> **TASK OBJECTIVE**
The pictures stay out; all of the data is to be printed exactly.

> **DATASET CONTENT**
····················

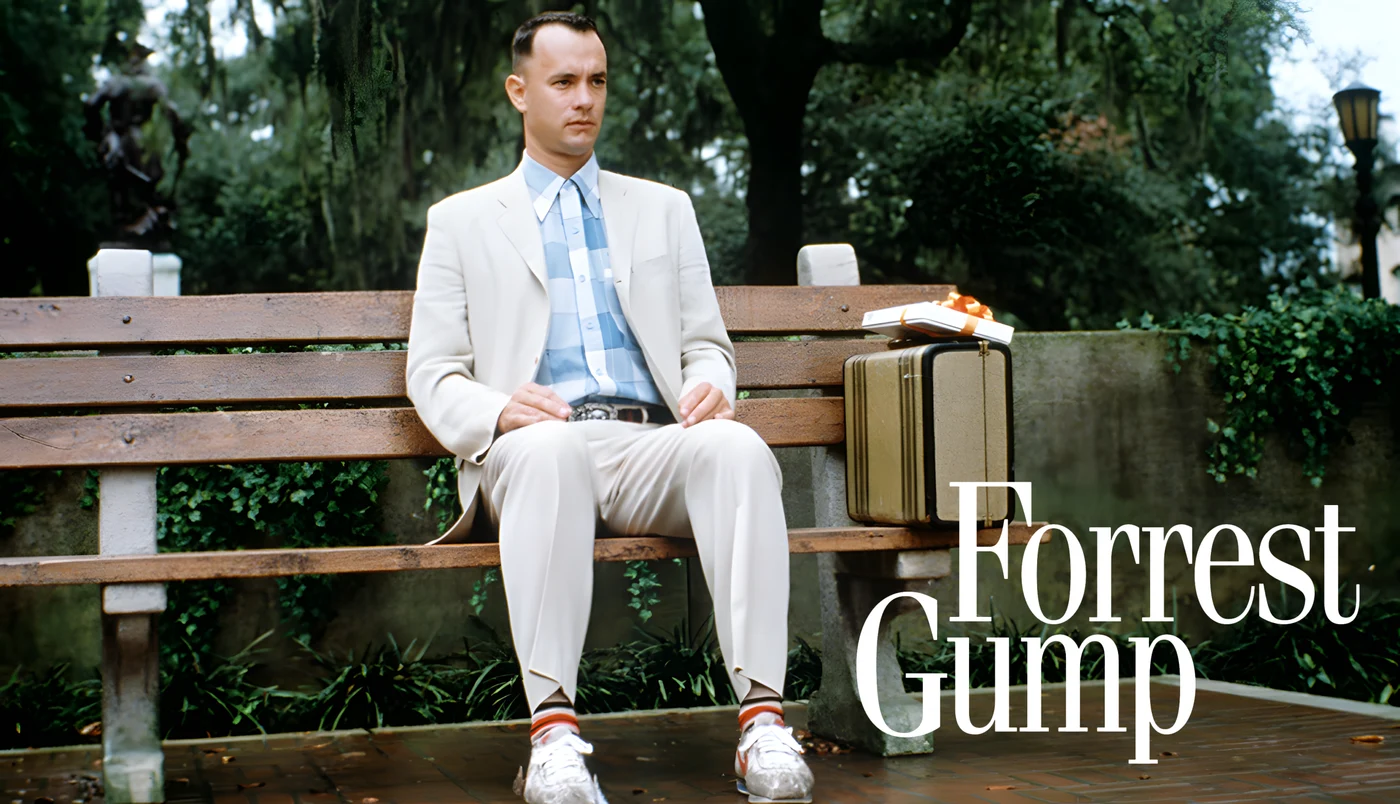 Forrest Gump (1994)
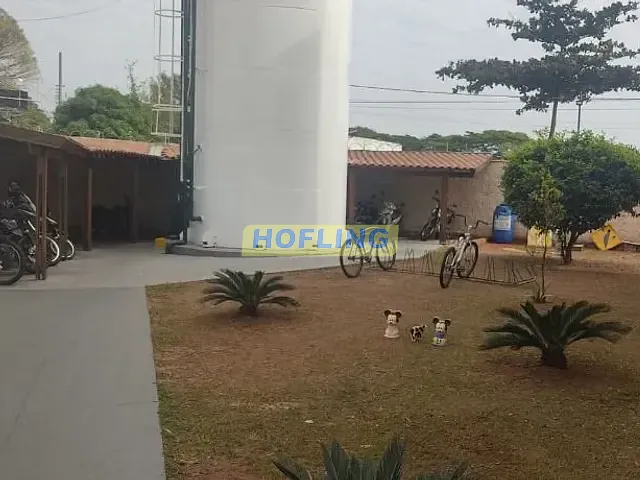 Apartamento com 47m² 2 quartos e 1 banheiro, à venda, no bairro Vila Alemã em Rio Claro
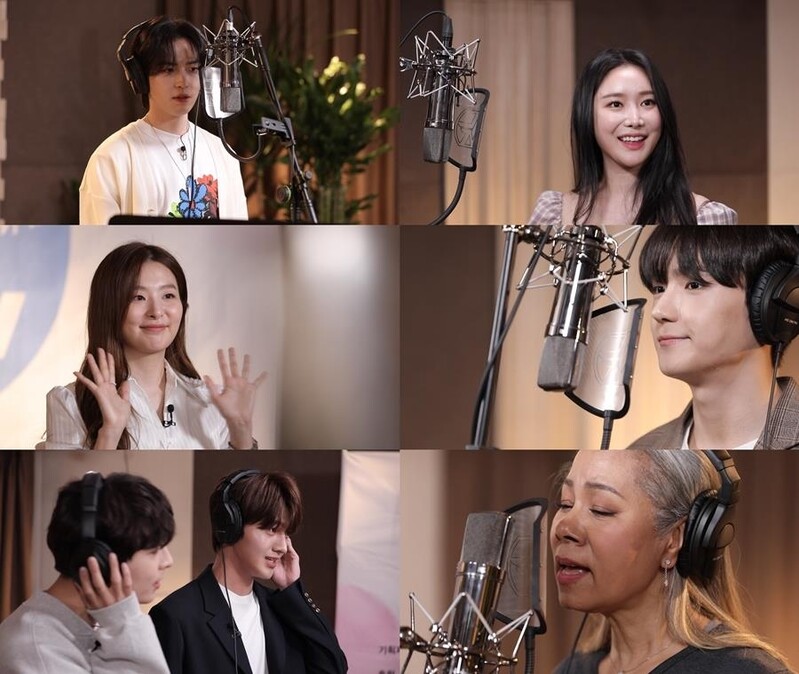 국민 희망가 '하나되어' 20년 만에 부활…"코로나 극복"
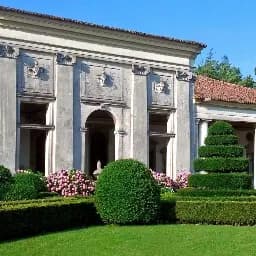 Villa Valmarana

····················

> **ANSWER BELOW**
 Forrest Gump (1994)
 Apartamento com 47m² 2 quartos e 1 banheiro, à venda, no bairro Vila Alemã em Rio Claro
 국민 희망가 '하나되어' 20년 만에 부활…"코로나 극복"
 Villa Valmarana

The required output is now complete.